In order to explore the role of immune cell infiltration in DPN, CIBERSORT analysis was applied to estimate the fractions of immune cells in sciatic nerves. We found that an increased infiltration of M1 macrophages and resting CD4 memory T cells, and a decreased infiltration of M2 macrophages, resting mast cells, monocytes and follicular helper T cells may be related to the development of DPN. Macrophages are professional phagocytes belonging to the innate immune system that can be activated by a variety of external stimuli. Based on their function, macrophages can be differentiated into two phenotypes: M1 (pro-inflammatory) and M2 (anti-inflammatory) macrophages [55]. M1 macrophages are able to secrete a broad range of inflammatory factors, such as IL-6, IL-1β and TNF-α. Previous studies have shown that M1 macrophages increased significantly in DPN patients [56]. This means that M1 macrophages might play a pivotal role in the onset and development of DPN [57]. Moreover, it was found that increased expression of TLR4 in monocytes could be related to systemic inflammation in peripheral neuropathy in T2DM [58]. These findings further support the important role of immune cell infiltration and inflammation in the development of DPN.
LASSO logistic regression is a reliable method for selecting diagnostic features of DPN based on regression trees. It provides a statistically rigorous method to identify the variable λ when the predicted outcomes are best. Furthermore, SVM-RFE is a classic machine learning method based on a recursive feature elimination strategy to select important genes by training a support vector machine model. To further select feature variables and build an accurate classification model, we applied these two algorithms in this study. The overlap of the LASSO logistic regression model and the SVM-RFE algorithm was obtained. Consequently, LTBP2 and GPNMB were recognized as potential diagnostic markers for DPN.
Latent transforming growth factor beta binding protein 2 (LTBP2) is a member of the fibrillin/LTBP extracellular matrix glycoprotein family [59]. It plays a critical role in regulating the extracellular matrix glycoprotein.
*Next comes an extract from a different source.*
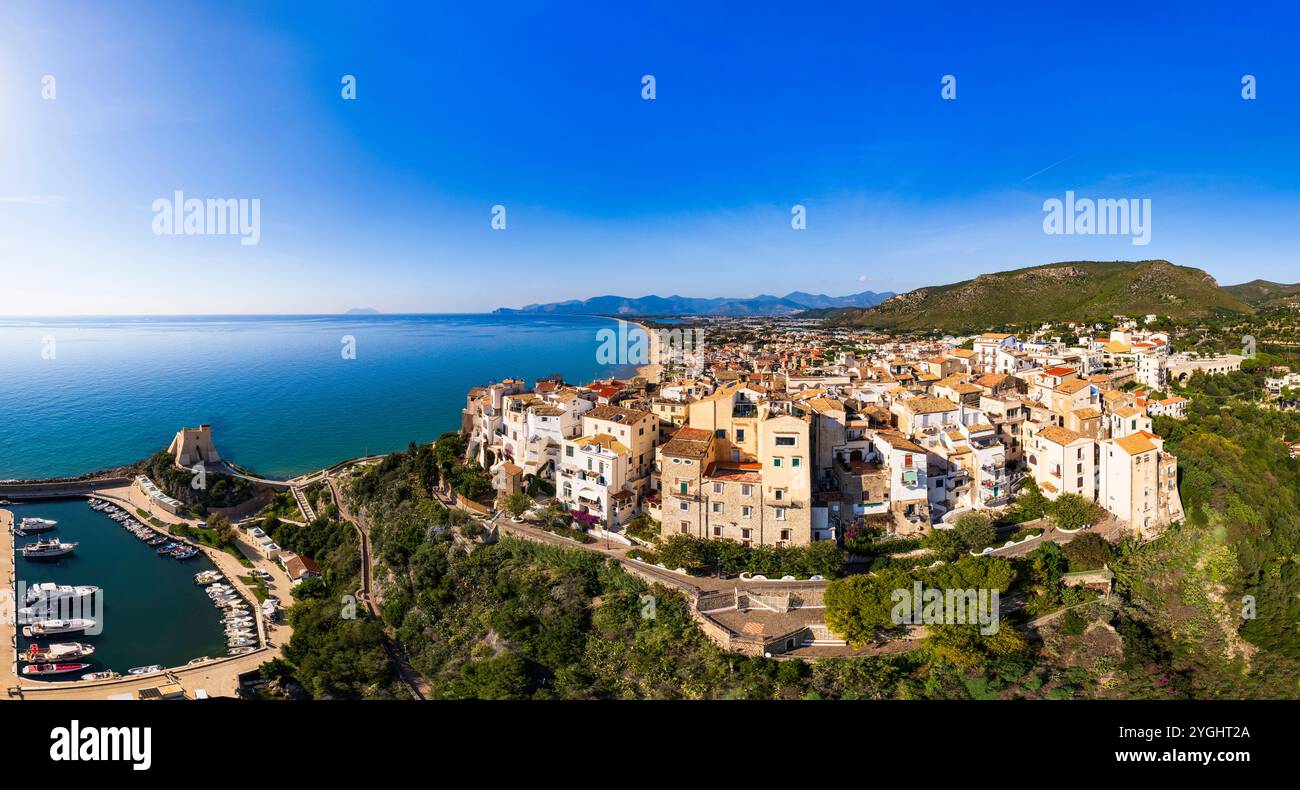 Viaggi in Italia. Vista aerea della città vecchia di Sperlonga, antica città italiana in provincia di Latina sul mar Tirreno, meta turistica estiva per le vacanze Foto Stock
A growing number of studies have found that LTBP2 was associated with cardiac fibrosis, acute heart failure, glomerular filtration rate and pre-eclampsia [59]. Recent investigations have suggested that overexpression of LTBP2 facilitated inflammation in endometriosis [60]. It is regretful that the role of LTBP2 in DPN development has not been studied. Therefore, this needs further experimental verification. GPNMB is an endogenous type 1 transmembrane glycoprotein. A study has shown that GPNMB is closely related to neuroinflammation [61]. Interestingly, neuroinflammation happens to be one of the most important mechanisms in the development of DPN. It would be reasonable to speculate that GPNMB may play an important role in the disease progression of DPN. In conclusion, evidence from previous studies indicates that LTBP2 and GPNMB may play an important role in the development and progression of DPN. However, validated experiments and clinical studies are still needed to assess the diagnostic value of LTBP2 and GPNMB. A comprehensive analysis was performed including LTBP2, GPNMB and immune cells. LTBP2 was significantly positively correlated with M1 macrophages and GPNMB was significantly negatively correlated with M2 macrophages. We speculate that LTBP2 and GPNMB affect immune cells to participate in the occurrence and progression of DPN. Further experimentation is needed to validate these hypotheses, including experiments regarding the interactions between genes and immune cells.

5. Conclusions

In this study, DEGs associated with DPN were identified by analyzing previously published datasets containing DPN and normal sciatic nerve samples. Then, functional enrichment and PPI network analyses were conducted for DEGs, elucidating the detailed mechanisms and the pathogenesis of DPN. What is more, by using novel bioinformatics methods such as LASSO logistic regression algorithms and the SVM-RFE algorithm, we have identified potential DPN diagnostic markers, LTBP2 and GPNMB. This is the first time that CIBERSORT was used to analyze immune cell infiltration in peripheral nerve tissues. Nevertheless, we recognize that there were important limitations in our study which cannot be ignored. First, the current study is limited by a small sample size due to the small number of gene microarrays in DPN. Furthermore, CIBERSORT analysis is based on limited genetic data that may deviate from heterotypic interactions of cells, disease-induced disorders or phenotypic plasticity. In addition, our research needs to be further experimentally validated. In conclusion, our results present the promising potential for several diagnostic biomarkers of DPN and provide a novel strategy for DPN diagnosis and treatment.

Supplementary Materials

The following supporting information can be downloaded at: https://www.mdpi.com/article/10.3390/biom13010039/s1, Figure S1: The flow diagram of this study. Figure S2: PPI network constructed using STRING database with interactions combined score > 0.9 being used for network construction. Figure S3: The metabolic phenotyping and neuropathy phenotyping in mice. (a) Body weight, (b) blood glucose, neurological function measured by (c) hind paw withdrawal latency and (d) sciatic motor nerve conduction velocity (NCV) (* p < 0.05, ** p < 0.01, *** p < 0.001, **** p < 0.0001). Table S1: Primers used for qRT-RCR in this study. Table S2: DEGs of merged datasets in DPN. Table S3: Results of immune cell infiltration.

Author Contributions

Conceptualization, C.W. and X.X.; methodology, C.W. and W.L.; software, J.G.; validation, J.C., H.Y. and R.M.; formal analysis, X.X.; investigation, J.C.; resources, J.G.; data curation, W.L.; writing—original draft preparation, C.W., J.G. and X.X.; writing—review and editing, W.L. and X.X.; visualization, C.L.; supervision, G.Z.; project administration, Z.C.; funding acquisition, W.L. All authors have read and agreed to the published version of the manuscript.

Funding

This research was funded by Shenzhen Basic Research Project (Natural Science Foundation) (grant number JCYJ20210324112212034).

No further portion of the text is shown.